- _Material for this exercise_:
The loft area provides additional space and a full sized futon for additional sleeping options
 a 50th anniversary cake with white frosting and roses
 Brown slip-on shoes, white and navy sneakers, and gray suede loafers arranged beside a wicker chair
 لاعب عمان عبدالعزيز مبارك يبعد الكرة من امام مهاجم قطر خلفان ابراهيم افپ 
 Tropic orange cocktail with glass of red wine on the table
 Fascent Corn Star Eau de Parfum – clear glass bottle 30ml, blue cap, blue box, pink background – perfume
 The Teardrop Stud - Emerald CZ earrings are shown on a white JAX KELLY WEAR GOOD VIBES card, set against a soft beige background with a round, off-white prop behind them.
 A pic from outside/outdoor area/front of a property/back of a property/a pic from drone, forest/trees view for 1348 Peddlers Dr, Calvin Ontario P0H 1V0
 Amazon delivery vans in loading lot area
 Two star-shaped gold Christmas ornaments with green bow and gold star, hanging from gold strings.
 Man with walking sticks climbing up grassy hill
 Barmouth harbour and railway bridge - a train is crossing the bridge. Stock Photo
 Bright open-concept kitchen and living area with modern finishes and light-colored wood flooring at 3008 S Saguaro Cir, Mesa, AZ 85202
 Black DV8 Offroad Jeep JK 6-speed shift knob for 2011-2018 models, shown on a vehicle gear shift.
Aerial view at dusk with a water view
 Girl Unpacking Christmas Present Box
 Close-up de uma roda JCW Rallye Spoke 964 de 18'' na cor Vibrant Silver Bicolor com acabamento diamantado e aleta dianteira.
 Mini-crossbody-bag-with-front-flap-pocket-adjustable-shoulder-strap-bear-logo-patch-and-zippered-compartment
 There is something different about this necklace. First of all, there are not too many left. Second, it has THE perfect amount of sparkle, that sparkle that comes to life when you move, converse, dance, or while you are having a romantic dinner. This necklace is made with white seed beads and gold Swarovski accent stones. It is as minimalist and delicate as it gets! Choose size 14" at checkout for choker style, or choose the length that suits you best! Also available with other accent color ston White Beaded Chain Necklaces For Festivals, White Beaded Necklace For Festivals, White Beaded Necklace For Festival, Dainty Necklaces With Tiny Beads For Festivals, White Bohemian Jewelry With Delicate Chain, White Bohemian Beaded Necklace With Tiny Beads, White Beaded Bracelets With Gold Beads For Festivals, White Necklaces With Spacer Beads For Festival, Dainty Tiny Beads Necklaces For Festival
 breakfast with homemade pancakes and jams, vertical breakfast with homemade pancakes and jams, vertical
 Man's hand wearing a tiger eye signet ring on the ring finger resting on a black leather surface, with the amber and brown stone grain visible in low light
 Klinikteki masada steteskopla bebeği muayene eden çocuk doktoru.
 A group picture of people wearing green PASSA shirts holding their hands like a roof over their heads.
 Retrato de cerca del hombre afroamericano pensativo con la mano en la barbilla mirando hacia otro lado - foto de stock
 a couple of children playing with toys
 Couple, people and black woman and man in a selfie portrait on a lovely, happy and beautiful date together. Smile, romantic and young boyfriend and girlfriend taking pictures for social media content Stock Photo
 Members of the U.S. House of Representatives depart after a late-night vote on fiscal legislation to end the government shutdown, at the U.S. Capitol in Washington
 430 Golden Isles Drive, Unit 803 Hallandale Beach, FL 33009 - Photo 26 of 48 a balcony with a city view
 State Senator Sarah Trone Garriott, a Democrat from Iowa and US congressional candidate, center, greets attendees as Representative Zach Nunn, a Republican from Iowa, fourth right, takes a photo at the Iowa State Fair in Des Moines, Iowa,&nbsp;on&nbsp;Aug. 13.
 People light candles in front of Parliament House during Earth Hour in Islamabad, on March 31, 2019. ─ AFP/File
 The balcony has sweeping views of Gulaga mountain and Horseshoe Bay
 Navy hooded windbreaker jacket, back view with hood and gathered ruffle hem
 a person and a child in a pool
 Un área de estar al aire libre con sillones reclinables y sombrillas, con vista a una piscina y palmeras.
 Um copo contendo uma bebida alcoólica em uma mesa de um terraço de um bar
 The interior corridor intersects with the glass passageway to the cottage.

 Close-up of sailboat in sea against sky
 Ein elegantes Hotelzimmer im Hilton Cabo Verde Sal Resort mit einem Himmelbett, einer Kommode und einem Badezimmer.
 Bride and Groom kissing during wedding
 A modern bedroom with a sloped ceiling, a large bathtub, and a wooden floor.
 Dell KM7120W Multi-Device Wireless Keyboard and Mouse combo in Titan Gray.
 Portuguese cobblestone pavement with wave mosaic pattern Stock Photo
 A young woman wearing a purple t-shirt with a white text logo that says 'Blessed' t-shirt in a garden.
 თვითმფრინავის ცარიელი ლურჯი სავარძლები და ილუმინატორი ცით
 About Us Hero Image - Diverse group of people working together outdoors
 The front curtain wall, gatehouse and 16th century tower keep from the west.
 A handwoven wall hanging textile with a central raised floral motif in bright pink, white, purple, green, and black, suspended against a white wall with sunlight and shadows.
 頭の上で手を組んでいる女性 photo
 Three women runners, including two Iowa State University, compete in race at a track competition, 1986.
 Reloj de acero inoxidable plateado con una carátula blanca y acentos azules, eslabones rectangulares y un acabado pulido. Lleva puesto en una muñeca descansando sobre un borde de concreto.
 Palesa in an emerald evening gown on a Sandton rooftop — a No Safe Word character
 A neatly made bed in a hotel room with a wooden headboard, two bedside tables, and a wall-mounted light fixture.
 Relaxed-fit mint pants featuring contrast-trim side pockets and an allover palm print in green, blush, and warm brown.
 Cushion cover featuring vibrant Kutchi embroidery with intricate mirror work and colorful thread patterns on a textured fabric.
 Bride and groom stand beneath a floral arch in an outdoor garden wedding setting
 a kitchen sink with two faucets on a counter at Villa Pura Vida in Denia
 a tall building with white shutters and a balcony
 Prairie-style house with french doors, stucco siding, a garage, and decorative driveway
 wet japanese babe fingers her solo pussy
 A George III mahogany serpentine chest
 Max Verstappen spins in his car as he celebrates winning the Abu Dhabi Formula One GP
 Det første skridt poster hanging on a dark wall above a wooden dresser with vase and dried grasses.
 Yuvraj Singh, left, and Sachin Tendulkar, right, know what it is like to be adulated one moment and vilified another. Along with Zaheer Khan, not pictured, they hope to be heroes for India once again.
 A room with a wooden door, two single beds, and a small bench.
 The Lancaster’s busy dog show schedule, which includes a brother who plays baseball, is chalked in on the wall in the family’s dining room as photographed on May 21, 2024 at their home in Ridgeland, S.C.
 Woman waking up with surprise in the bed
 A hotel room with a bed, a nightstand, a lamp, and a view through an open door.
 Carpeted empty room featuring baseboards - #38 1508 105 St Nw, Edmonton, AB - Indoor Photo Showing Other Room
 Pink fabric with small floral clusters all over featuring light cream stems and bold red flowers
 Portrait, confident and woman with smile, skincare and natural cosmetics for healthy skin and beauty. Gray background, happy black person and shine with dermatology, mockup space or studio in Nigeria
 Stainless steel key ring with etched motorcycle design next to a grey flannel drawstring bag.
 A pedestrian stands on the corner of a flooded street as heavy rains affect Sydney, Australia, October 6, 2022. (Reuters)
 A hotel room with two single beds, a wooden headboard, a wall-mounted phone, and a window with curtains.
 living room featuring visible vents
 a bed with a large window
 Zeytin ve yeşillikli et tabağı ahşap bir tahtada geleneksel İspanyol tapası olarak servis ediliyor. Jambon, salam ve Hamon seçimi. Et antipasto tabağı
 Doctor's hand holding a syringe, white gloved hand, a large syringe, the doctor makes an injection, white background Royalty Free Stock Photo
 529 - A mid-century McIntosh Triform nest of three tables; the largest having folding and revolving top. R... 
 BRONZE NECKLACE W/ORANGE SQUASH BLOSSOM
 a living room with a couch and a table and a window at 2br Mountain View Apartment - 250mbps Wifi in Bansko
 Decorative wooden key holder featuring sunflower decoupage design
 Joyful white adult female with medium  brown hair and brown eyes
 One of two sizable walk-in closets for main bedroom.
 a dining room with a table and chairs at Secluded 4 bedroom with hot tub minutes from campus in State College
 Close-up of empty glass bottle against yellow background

- _Prompt_: Find where the line with "A modern bedroom" sits in the material above, then copy exactly from it through the line with "Palesa in an". Add no other line.

- _Output for this task_:
 A modern bedroom with a sloped ceiling, a large bathtub, and a wooden floor.
 Dell KM7120W Multi-Device Wireless Keyboard and Mouse combo in Titan Gray.
 Portuguese cobblestone pavement with wave mosaic pattern Stock Photo
 A young woman wearing a purple t-shirt with a white text logo that says 'Blessed' t-shirt in a garden.
 თვითმფრინავის ცარიელი ლურჯი სავარძლები და ილუმინატორი ცით
 About Us Hero Image - Diverse group of people working together outdoors
 The front curtain wall, gatehouse and 16th century tower keep from the west.
 A handwoven wall hanging textile with a central raised floral motif in bright pink, white, purple, green, and black, suspended against a white wall with sunlight and shadows.
 頭の上で手を組んでいる女性 photo
 Three women runners, including two Iowa State University, compete in race at a track competition, 1986.
 Reloj de acero inoxidable plateado con una carátula blanca y acentos azules, eslabones rectangulares y un acabado pulido. Lleva puesto en una muñeca descansando sobre un borde de concreto.
 Palesa in an emerald evening gown on a Sandton rooftop — a No Safe Word character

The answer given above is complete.